1000 negative and positive training data without mining for hard negatives, Linear SVM vs RBF SVM, default detector values.
For speed, my HoG is implemented in C++ and compiled as a mex file. It follows the R-HoG descriptor as outlined in Dalal-Triggs 2005, except that the image patch is variance normalized before binning into the histogram - this makes the descriptor less sensitive to illumination changes, which gave a rough accuracy boost of around 5%.
/* hog computation */
void hog(const float *imageDataIn, float *descriptorOut, const int iWidth, const int iHeight,
const int ntheta, const int ncellsx, const int ncellsy, const int ngridx, const int ngridy,
const bool signedgradient, const int interplevel)
{
...
}
The basic pipeline for the HoG descriptor is:
As a random and interesting (at least I think it's kind of neat) side note, the variance and mean for normalizing the image patch can be estimated in a single pass:
/* image variance normalization */
void normalize(const float *imageDataIn, float *imageDataOut, const int iWidth, const int iHeight)
{
float mu = 0.f, m2 = 0.f;
// one pass variance and mean computation (Knuth 1998. The Art of Computer Programming.)
for(int i=0;i<iWidth*iHeight;i++)
{
float delta = imageDataIn[i] - mu;
mu += delta / (float)(i+1);
m2 += delta * (imageDataIn[i] - mu);
}
const float stdev = 1.f / (sqrtf(m2 / (float)(iWidth*iHeight)) + 0.01f);
for(int i=0;i<iWidth*iHeight;i++)
{
imageDataOut[i] = (imageDataIn[i] - mu) * stdev;
}
}
The HoG returns a feature which has dimension = #theta_bins x #cells_x x #cells_y
I found that the feature had best performance when the number of angular bins was best from ~ 9..12 bins, and cell size of about 4x4 pixels, similar to what the HoG authors found. However, I did not implement interpolation for histogram binning, since the block overlap coupled with gaussian weighting seems to indirectly do this already.
During the first training stage positive crops are used from the training data coupled with negative training crops randomly chosen from images without a face. To refine the SVM, the detector is run again on the non face scenes, and any detections (these are false positives) are used as new negative training examples to train another SVM, to decrease the false positive rate. This step can be repeated multiple times.

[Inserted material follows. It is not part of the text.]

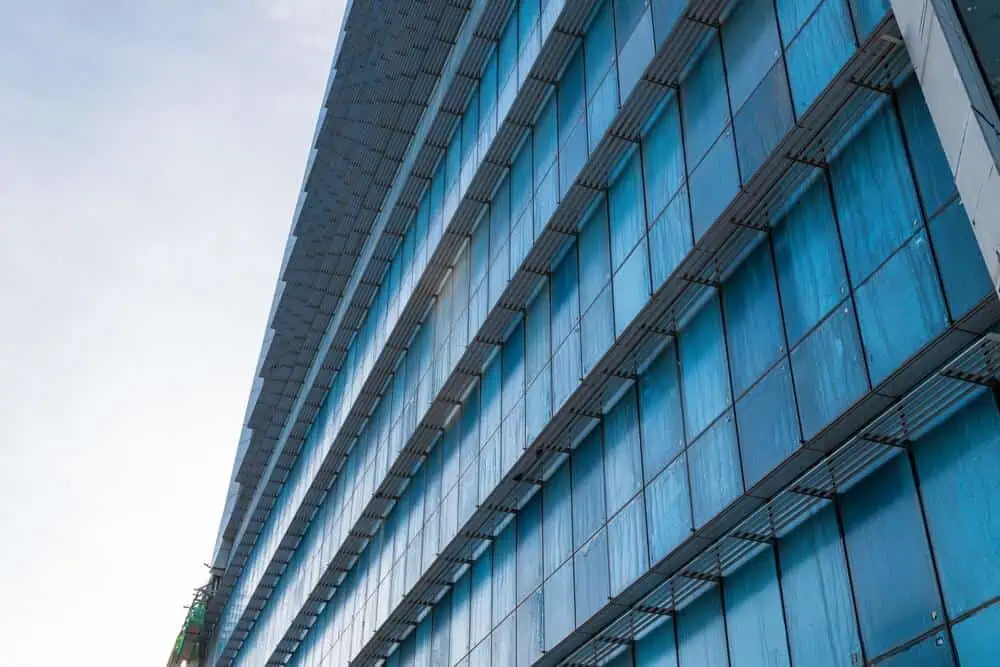 Close-up of a modern commercial building facade with blue-tinted glass panels and sleek horizontal lines, viewed from a low angle, showcasing its pristine exterior renovation.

The strategy used for mining hard negatives was relatively simple: for each non face scene image, any detected faces were sorted by confidence, with the top results used as hard negative examples. Hard negative mining usually improved performance by about 5-10%, but seemed much more effective for the RBF SVM.
Below are some of the face detection results on different photos.

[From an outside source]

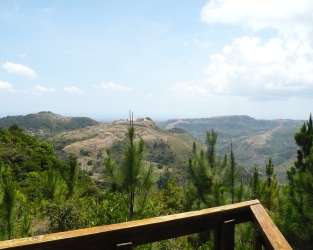 Wooden deck terrace overlooking green mountain landscape at Altos del María Panama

Face detection results on the class photo.
Below are some of the more interesting face detection results on the test set. I found it surprising how well it worked on faces that weren't actual face photos, but instead drawings.
Decreasing the scale factor increases the accuracy significantly, at the cost of computation time. I found that the RBF kernel was difficult to tune correctly, and couldn't get it to really beat the linear SVM by a significant amount - at best I got it to stay about even with the linear SVM (although with the RBF needing much less training data than the linear to achieve the same accuracy). Even with this advantage, however, most of my results are using the linear SVM, since it is still faster to compute, and uses much less memory.
Decreasing step size can also increase accuracy as well as increasing the total number of negatives.
It is kind of surprising how well the linear SVM managed to perform - although it should be possible to pass the linear SVM performance with the RBF kernel given careful parameter selection.